In prison, Joseph continues to prove his worth and is put in charge of all the prisoners. One day, he interprets Pharaoh’s cupbearer’s dream. He foretells that the cupbearer will be released from prison and returned to his former high station in the royal court. Is Joseph rewarded for this? Hardly. Upon his release, “the chief cupbearer did not think of Joseph; he forgot him.” (Gen. 40:23).
As we see, Joseph repeatedly suffers the mistreatment and neglect of others. And, yet, he never gives up hope. In each difficult situation, he proves his worth. And, upon interpreting the above dream, after so much time as a slave and prisoner, he still has the optimism to make the hopeful request of the cupbearer, “think of me when all is well with you again, and do me the kindness of mentioning me to Pharaoh, so as to free me from this place.”
Similarly, in the poetic song by Safam, Anatol confronts his challenges with hope. In prison for the crime of “daring to be free,” he contrasts himself with earlier political prisoners, presumably non-Jews, and says “they lived without hope alone inside the cell but I’ve a vision of my home in Israel.” Anatol, isolated, imprisoned and living under cruel circumstances, does not despair. He is sustained emotionally not by his family, with whom he has no contact, or by his fellow prisoners, but by his faith, his belief that he will prevail and one day live in Israel.

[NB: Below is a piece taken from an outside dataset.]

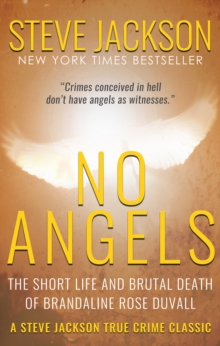 No Angels : The Short Life And Brutal Death Of Brandaline Rose Duvall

Not since the Second Temple era have we as a people known the security and prosperity we enjoy today. Our ancestral homeland has been restored. Israelis are well regarded in most parts of the world for their creativity, technical innovation, and military strength. The Jewish Diaspora is also fairly healthy. In America, we experience a liberty unimaginable to our ancestors just several generations ago. The vast majority of Jews on the planet live in freedom and are able to participate in and enjoy the renaissance of our people. And yet, despite the tremendous improvement in our collective lot, most of us would agree that we live in unsettling times.
Israel’s neighbors continue to threaten her. Hamas regularly launches missiles at Israel (or tolerates those who do), despite the existence of a supposed truce agreement. Hezbollah is rearming. Syria has been caught developing nuclear material. Iran is widely suspected of developing nuclear weapons and has repeatedly threatened Israel’s existence. Violent acts of anti-Semitism continue in many parts of the world, most recently in Mumbai. Even the UN, which only 60 years ago provided the legal basis for the reestablishment of a Jewish state, seems hostile.
What lessons does Vayeshev offer that can help us in this period of threatening uncertainty? It is that, no matter how dire the circumstances, we cannot give up hope. We all know how Joseph’s story ends. When Pharaoh has a dream that cannot be interpreted by any of the wise men or magicians of Egypt, the cupbearer remembers Joseph. And, Joseph, after interpreting the dream, becomes the viceroy of Egypt and, in this capacity, saves his family. Joseph sustains his hope and his hope, in return, sustains him.
So important is hope to our people that it is enshrined in Israel’s national anthem:
As long as the Jewish spirit is yearning deep in the heart,
With eyes turned toward the East, looking toward Zion,
Then our hope – the two-thousand-year-old hope – will not be lost:
To be a free people in our land,
The land of Zion and Jerusalem.
So, as we face our people’s challenges, let us follow the examples set by so many of our forebearers, from Joseph to Anatol, and do so with hope in our hearts. Shabbat Shalom.